CSE 559A: Computer Vision

Use Left/Right PgUp/PgDown to navigate slides

Fall 2018: T-R: 11:30-1pm @ Lopata 101

Instructor: Ayan Chakrabarti (ayan@wustl.edu).
Course Staff: Zhihao Xia, Charlie Wu, Han Liu

Sep 11, 2018

# Story So Far

• Convolutions
• Linear operations on images
• Each pixel of output is linear weighted sum of neighborhood in input
• Same weights for all neighborhoods
• Can be "diagonalized" in the Fourier Domain

But so far, output image size is (approximately) equal to input image size

# Efficient Computation

• Convolution, in the most general case, takes $$O(n_x n_k)$$ time.
• $$n_x = W_xH_x$$, $$n_k = W_kH_k$$.
• Convolution in the frequency domain:
• FFT, point-wise multiply, Inverse FFT
• FFT/IFFT complexity is $$O(n_x \log n_x)$$ (Most efficient for power of 2 image size)
• May be worth it for large kernels
• Or same image convolved with many different kernels

# Efficient Computation

Separable Kernels

$G[n_x,n_y] \propto \exp\left(-\frac{n_x^2+n_y^2}{2\sigma^2}\right) = G_x[n_x]G_y[n_y]$

• $$x-$$ and $$y-$$ derivatives of Gaussian also separable.
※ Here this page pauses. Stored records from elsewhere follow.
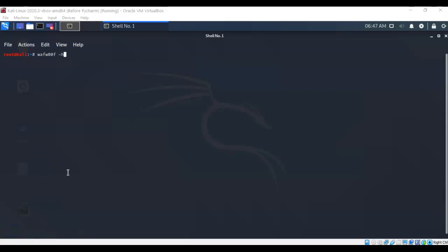So, WafWoof comes pre-installed on Kali. You don't have to do anything. You don't have to update it. You don't have to download it. All you have to do is just open a command prompt and type in WafWoof, all lowercase.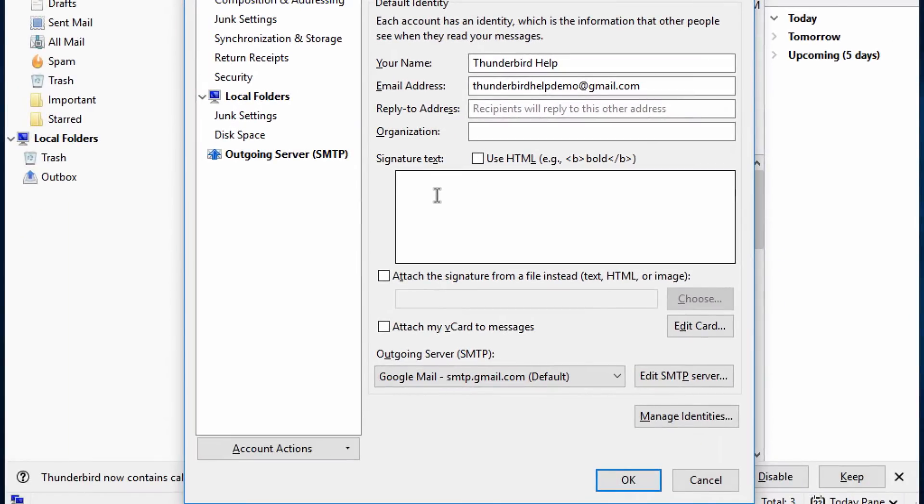For each identity, there is a signature text box. Type your signature in that box, then click OK.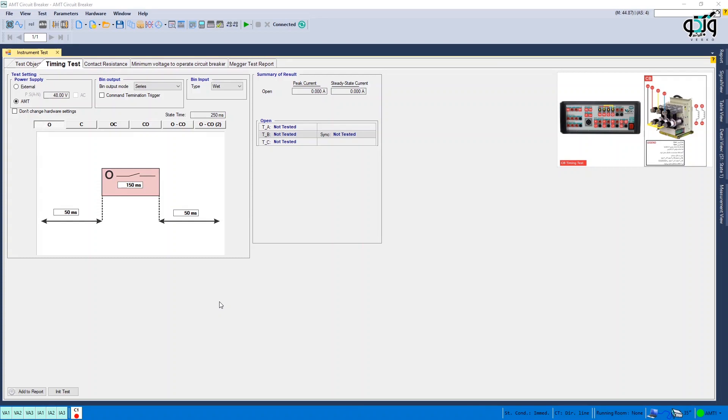CB Timing Test. One of the most important tests performed in CB is timing test. To perform a timing test, it's necessary to specify three main important sections including: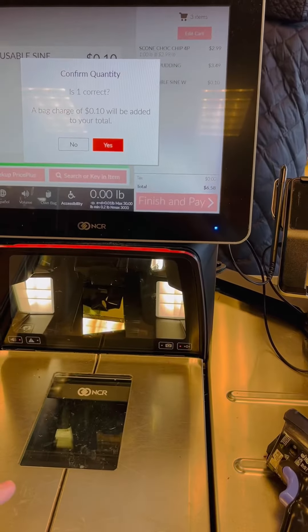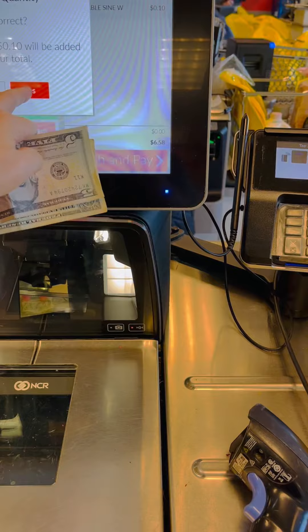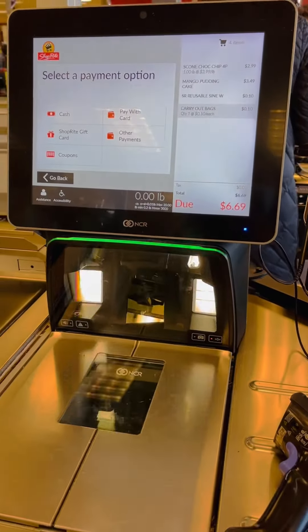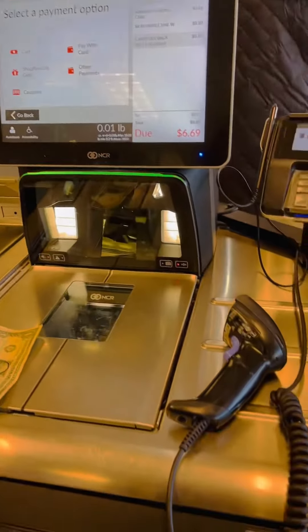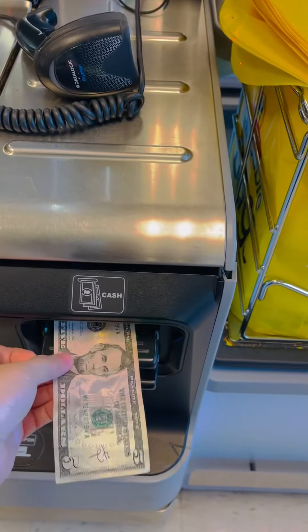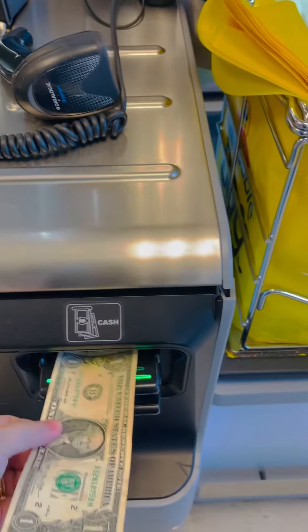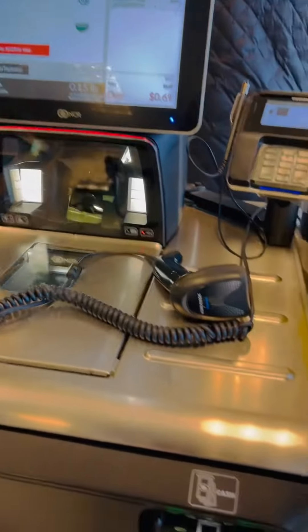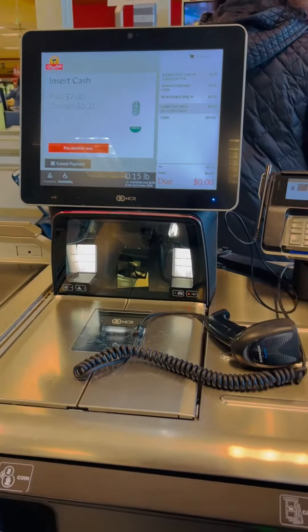Confirm quantity. Ten cents. Insert cash or select payment type. Can you scan your Frequent Shopper card? Insert cash or pay another way. Just place it on the scale. Press the red button.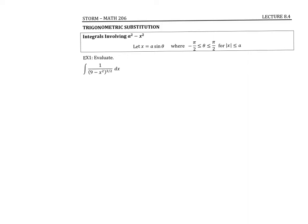So in 8.4, we're going to look at another technique for solving integrals. The focus of this section is to try to eliminate square roots, because they tend to give us a lot of problems. We're going to look at three types.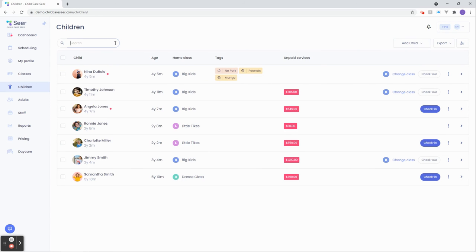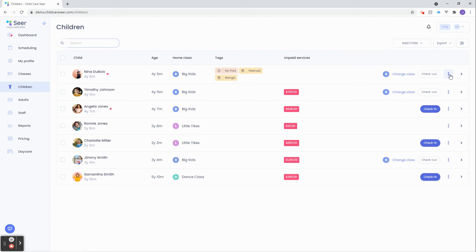Here's another design pro tip. Anytime you see three dots in SEER, like here, it means you can perform one or more tasks within that entity: child, staff, room, anything. This is another consistent cue for you to keep an eye out for. Three dots means a suite of actions can be performed here.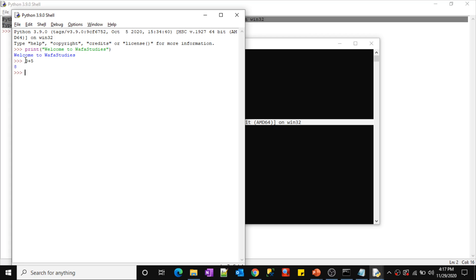You can do the same thing in the Python IDLE as well. This IDLE was installed when we installed Python. Open the Python IDLE — even there you can write Python code directly and execute it. If you compare the IDLE interface with the command line, both are the same — they both put you in the Python interpreter. Write code and press Enter to run it. I typed 'print("Welcome to Wafa Studies")' and pressed Enter — it prints the statement.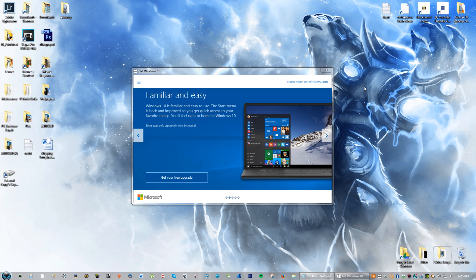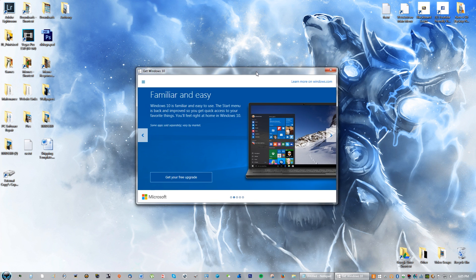Hey guys, what's going on? This is a video tutorial. I'm going to teach you guys how to get rid of the Windows 10 notification that keeps popping up when you decided not to upgrade to Windows 10. I have Windows 7 currently, and the reason I'm not upgrading is because I can't use certain programs in Windows 10 that I can in 7. But I'll teach you guys how to remove it and have that notification stop bothering you.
• Realize that $$k[n_x,n_y] = k_x[n_x]_yk[n_y] = k_x *_{\tiny \text{full}} k_y$$.

This is by interpreting $$k_x$$ and $$k_y$$ as having size $$W_k \times 1$$ and $$1 \times H_k$$.
• So $$X*k = X*(k_x*k_y) = (X*k_x)*k_y$$. This takes $$W_k+H_k$$ operations instead of $$W_kH_k$$.

• Often if a kernel itself isn't separable, it can be sometimes expressed as a sum of separable kernels.
• E.g., Unsharp Mask: $$(1+\alpha) \delta - \alpha G_\sigma$$ (don't combine!)
• Could also try to do this automatically using SVD.

# Efficient Computation

Recursive Computation

• Sometimes can decompose into convolution with sparse kernels.
• Many implementations of convolve2d won't make use of sparsity.
• But you can write your own.

# Efficient Computation

Smooth and Sub-sample

• Don't smooth and subsample !
• For sub-sampling by two, you're computing 4x as many smooth filter outputs as you need to.
• Similarly, using zero-filling + convolution for upsampling is inefficient.

# Efficient Computation

numpy Specifics

1. In general, prefer algorithms that have lower total number of multiplies / adds.
2. Try to use scipy.signal.convolve2d (subject to rule 1). It is optimized for cache reads, parallel execution, etc.
(I import it often as: from scipy.signal import convovle2d as conv2)
3. Similarly, avoid for loops and use element-wise operations on large arrays, matrix multiplies (np.matmul / np.dot), etc.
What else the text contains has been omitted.